Captain Burr Osborn - Peerless Union City 1903

Captain Burr Osborn
Note - Regarding the "Captain Burr Osborn" ...(from the publication titled "Historical Industrial and Social Record of Peerless Union City Michigan" edited, compiled, and published by Tom F. Robinson in March 1903), EARLY HISTORY OF UNION CITY, reads: .... Among the older residents of Union City there is no more familiar figure or one who is more popular than the gentleman named above. Capt. Osborn was born near Bridgeport, Conn., April 25, 1826, and he lived in that locality until he was sixteen years old. At that early age he embarked in a whaling vessel and for the following seven years he sailed the oceans, during the last three years of this period being in the U. S. navy. His was a varied and interesting experience. He sailed round the world twice, visiting all the grand divisions of the globe, besides many of the islands. For a period of several months he was a subject of King Kamehameha III, of the Sandwich Islands, and it was at Honolulu that he enlisted in the U. S. navy, May 6, 1846, when the Mexican War was in progress. During this war he was on the U. S. surveying vessel, " Shark," and U. S. men of war in the Pacific, and was also with General Fremont in California.
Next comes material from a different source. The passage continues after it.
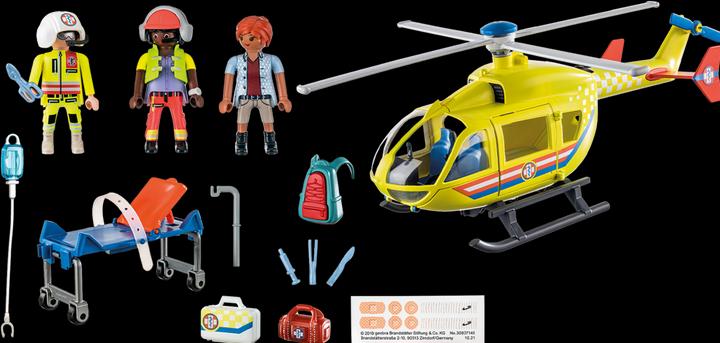 Immagine prodotto Playmobil Elicottero di salvataggio (71203, Playmobil City Life)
He assisted in the U. S. survey of the west coast of America from Terra del Fuego to Alaska and in the first survey of the Columbia River. He received his discharge in 1849 and afterward returned to Connecticut where he lived for several years. He came to Michigan in 1852, since which time his home has been in Sherwood and this place. While a resident of the first-named place he was for twelve years a justice of the peace, highway commissioner for six years and also school director for an extended period. In Union Township he was also chosen as highway commissioner and he always performed his duties in a highly satisfactory manner. Capt. Osborn is by nature one of the most companionable of men. His extensive travels have provided him with a fund of most interesting reminiscence and his memory serves him well in telling. A few years since, he published a volume entitled "Reminiscences of a Voyage Round the World in the Forties" and the same proved most interesting. Fraternally, he is affiliated with the three local Masonic lodges, and he was a charter member of Union City Chapter No. 53, R. A. M. He has two sons, C. R. Osborn, who is the station agent for the Michigan Central R. R. Co. at Albion, and G. A. Osborn, who lives at Jackson.